Here $H_{{\bf k}_{\parallel}}$ , $S_{{\bf k}_{\parallel}}$ and $\Sigma_{L/R,{\bf k}_{\parallel}}$ are the Hamiltonian, the overlap and the electrode self-energies, respectively.

The electrical current is calculated from the transmission coefficients $T_{{\bf k}_{\parallel}}(E)$ according to:

\displaystyle I_{L\rightarrow R}=\frac{G_{0}}{2|e|}\int\!dE\int_{BZ}\!d{\bf k}_{\parallel}\,T_{{\bf k}_{\parallel}}(E)\left[f_{R}(E)-f_{L}(E)\right]\ ,

(4)

where $f_{R}(E)$ and $f_{L}(E)$ corresponds to the Fermi distribution in the right and left electrodes, $G_{0}$ is the quantum of conductance for the spin-degenerate case ( $2e^{2}/h$ ), and $BZ$ denotes the integral over the Brillouin zone average [26].

2.1.2 Electrostatic doping

We simulate the charge density induced by a gate voltage ( $V_{g}$ ) by adding a specific fixed charge in the 2H region, with the total number of electrons chosen to satisfy global charge neutrality. The electrons in the system will self-consistenly respond to the dopant-like fixed charges when Poisson’s equation is solved. A similar strategy was performed to study the effect of gating on graphene nanojunctions through DFT calculations [27]. In this work, we considered channel charge densities of 5 $\times$ 10¹² cm^-2 and 5 $\times$ 10¹³ cm^-2. We refer to $p$ -doped ( $n$ -doped) system when the mobile charge added into the channel is positive (negative).

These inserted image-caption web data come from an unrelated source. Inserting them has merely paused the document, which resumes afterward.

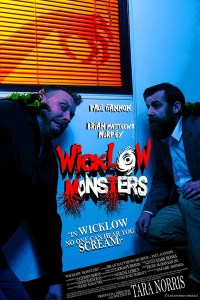 Wicklow Monsters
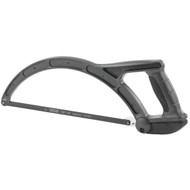 Stanley 12 In. Composite Hacksaw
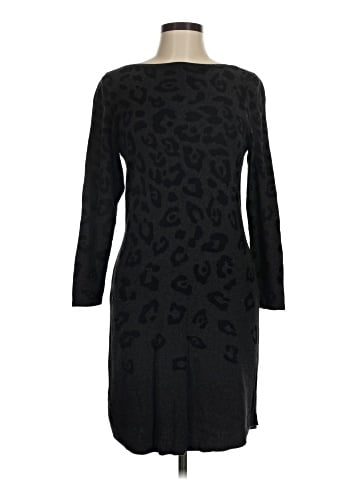 AGB Casual Dress (view 1)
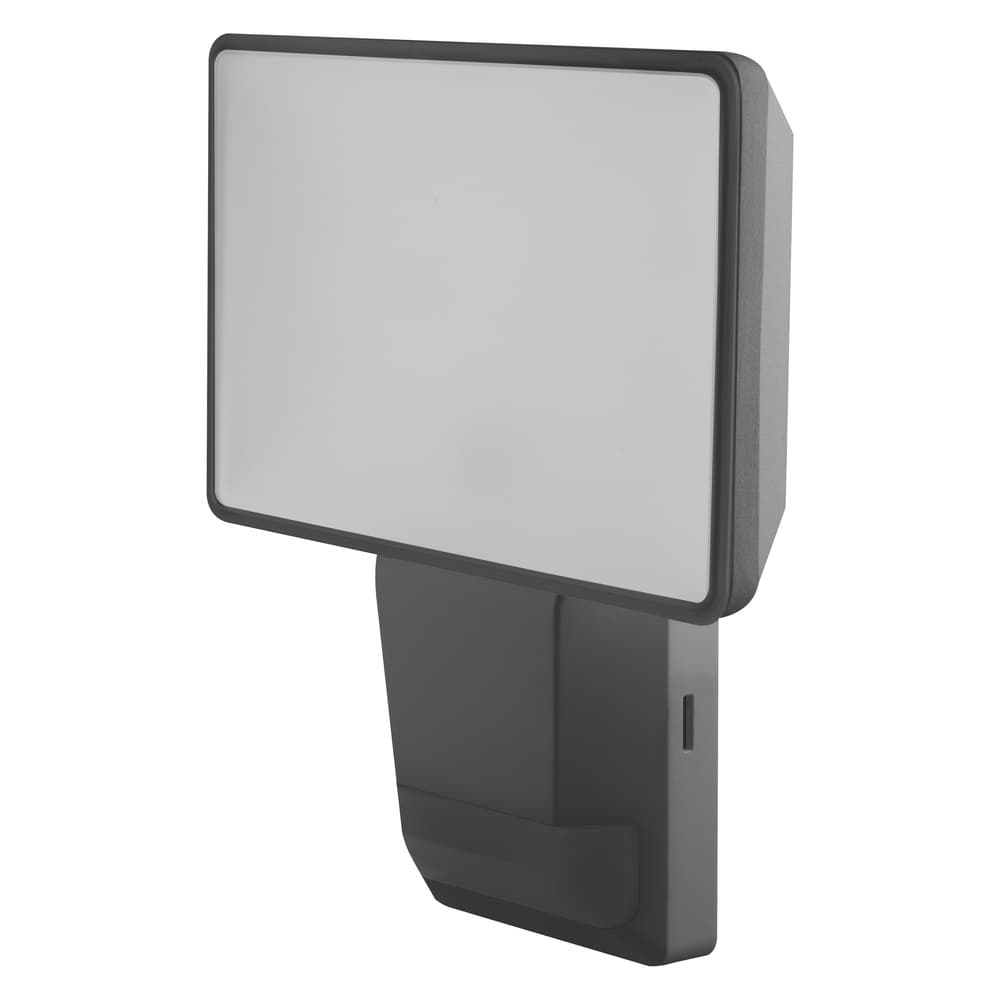 ENDURA PRO FLOOD SENSOR 15W 840 IP55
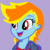 :iconcreepyspyro:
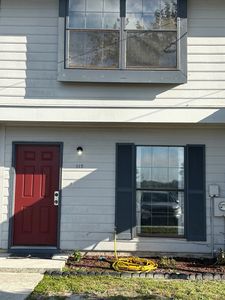 115 Pelican Point, Saint Marys, GA, 31558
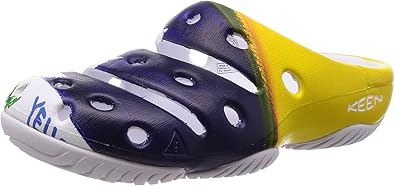 keen yogui womens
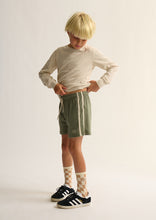Load image into Gallery viewer, Rocky Shorts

For an accurate description of the electrostatics with NEGF, it is required that the electrodes behave as bulk, meaning that the electrostatic potential should have reached its bulk behaviour at the boundary between the scattering region and the semi-infinite bulk electrodes. Therefore, we plotted the potential profile along the transport direction for devices with different doping concentration, as shown in Figure 2, and we noticed that the dipole formed at the interface is not screened in the 2H phase for the device without doping. As a consequence, we did not carry out transport calculations for this case.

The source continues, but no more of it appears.